Steak and an old fashioned.
My fun thing was visiting the Castillo de San Marcos — I’m a sucker for military and historical ruins! The structure (I’m just being lazy and copying what’s on the National Park System website) is “the only extant 17th century military construction in the country and the oldest masonry fortress in the United States it is a prime example of the “bastion system” of fortification, the culmination of hundreds of years of military defense engineering. It is also unique for the material used in its construction. The Castillo is one of only two fortifications in the world built out of a semi-rare form of limestone called coquina (The other is Fort Matanzas National Monument 14 miles south).”
View from the tower.
Im in love with these doors.
We plugged the meter for an hour and could’ve easily spent another hour roaming around and looking at the rooms and weapons. For $7 it was totally worth it!
Cannons are cool.
On our way back from Florida, we saw that the temperatures in Raleigh were supposed to be extremely cold in the next few weeks, so we decided it would be best to blow out the lines before putting it back in storage. We thought we’d give try the Fayetteville RV Resort a try since it’s about an hour from our storage garage.
This was previously a KOA, so it’s got all the things you’d come to expect from a KOA (pool, little cabins to rent, a store, full hook ups, level spots, propane) but I feel the new owners are really working to make it better.
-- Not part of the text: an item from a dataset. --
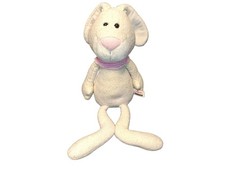 Sigikid Hase Weiß ca 50 cm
All the restrooms are being updated, they’ve obviously done a lot of work on the landscaping and overall, it’s a really nice park for a day or two.
They have a section for fulltimers in the back that doesn’t have as many trees as the front of the park, but the spots are still nice (definitely nicer and bigger than several spots we lived in while fulltiming).
Since moving here, we’ve definitely noticed a shortage of nice RV parks in the area (and by nice I mean clean and safe), so I’d definitely recommend this park if you’re traveling through the area and need to make a pit stop.
We wanted to check out at least one campground in South Carolina before heading home and Huntington Beach State Park looked perfect.
The park has 133 spots and direct beach access via several wooden paths throughout the park.
There are two beach paths leading from each end of the park.
There are some pretty private spots like ours, or some not-so-private spots around the inside of the loops. There’s also a loop in the back with heavy tree cover (but further from the beach), and some tent sites.
Second loop of the campground.
On the grounds of the state park is also Atalaya, a Moorish-style house that was once the winter home of sculptor Anna Hyatt Huntington. You can tour the house for $2.
The beach here is also really beautiful — white sand, dolphins, pelicans and some great shells.
New Year’s morning.
Jekyll Island is fantastic.
Bike path all the way around Jekyll Island.
The campground is the least private we’ve stayed in on this trip, but with an island this great, we didn’t spend a lot of time in the campground anyway.
No privacy in spot #27, but that didn’t stop us from having a fire. Sorry neighbors.
There are 206 camp spots (back in, pull through, full hook ups, primitive tent….) and a general store with the basics, including firewood. There’s also a little area designated for bird watching with swings for guests to sit on.
Looking for some quiet or just some birds?
In some spots, maneuvering around the trees in a big rig might be tricky.
At least there’s shade!
A short drive or bike ride directly across from the campground leads to Driftwood Beach with a fishing pier, and a nice sandy beach that leads to some beautiful scenery.
Pier off of Driftwood Beach.
It seems like this boat was way too close to shore….
For all the people in the campground, it was extremely quiet — plus there were a lot of fellow Airstreamers there! (Hi Bob and Lisa!)